*** Opening Available records ***
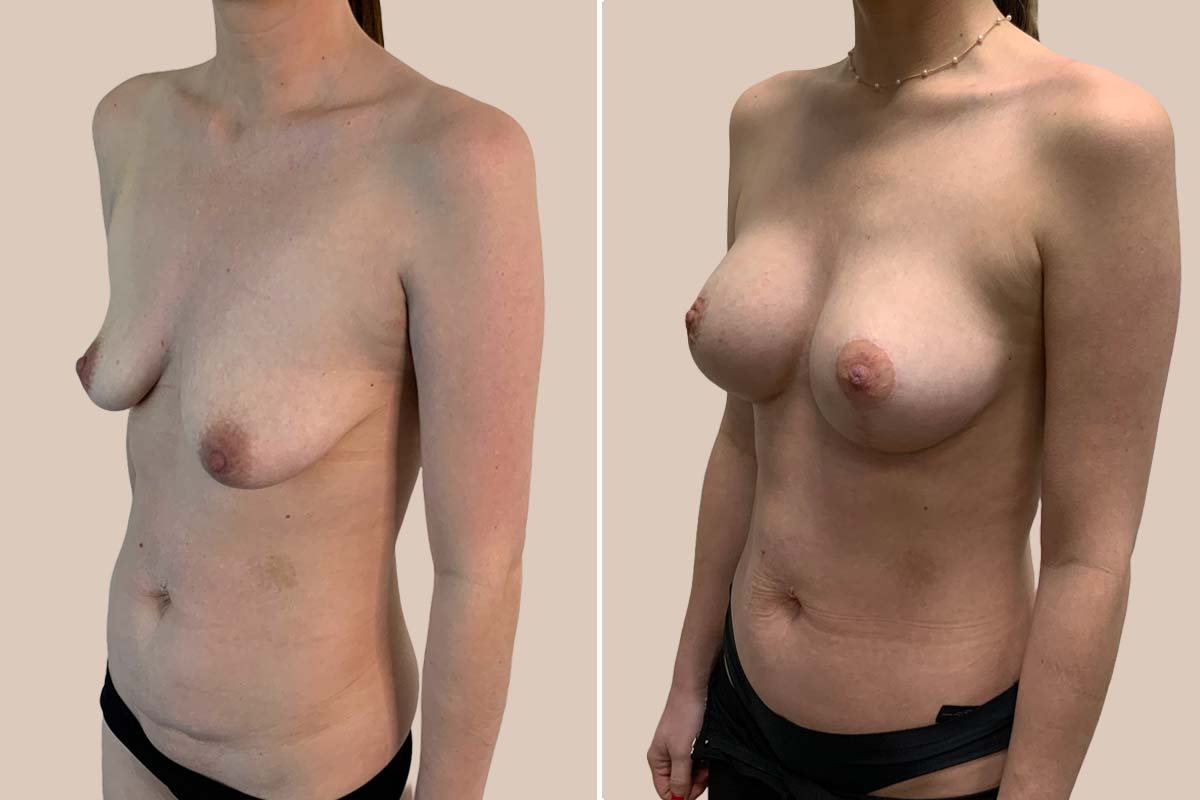 BFO og løft før og efter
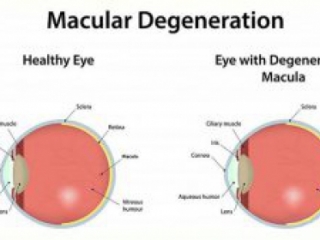 Macular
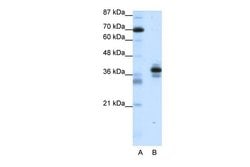Invitrogen PITX1 Polyclonal Antibody 100 &mu;L; Unconjugated:Antibodies,
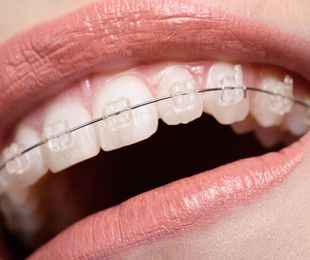 ¿Conoces la ortodoncia autoligable?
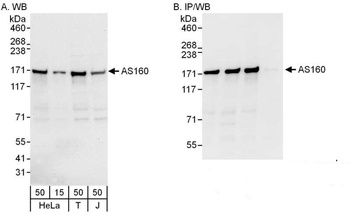 Rabbit AS160 Antibody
*** Closing Available records ***
Copy all the records above exactly, but leave out the pictures.

**Task response**
 BFO og løft før og efter
 Macular
Invitrogen PITX1 Polyclonal Antibody 100 &mu;L; Unconjugated:Antibodies,
 ¿Conoces la ortodoncia autoligable?
 Rabbit AS160 Antibody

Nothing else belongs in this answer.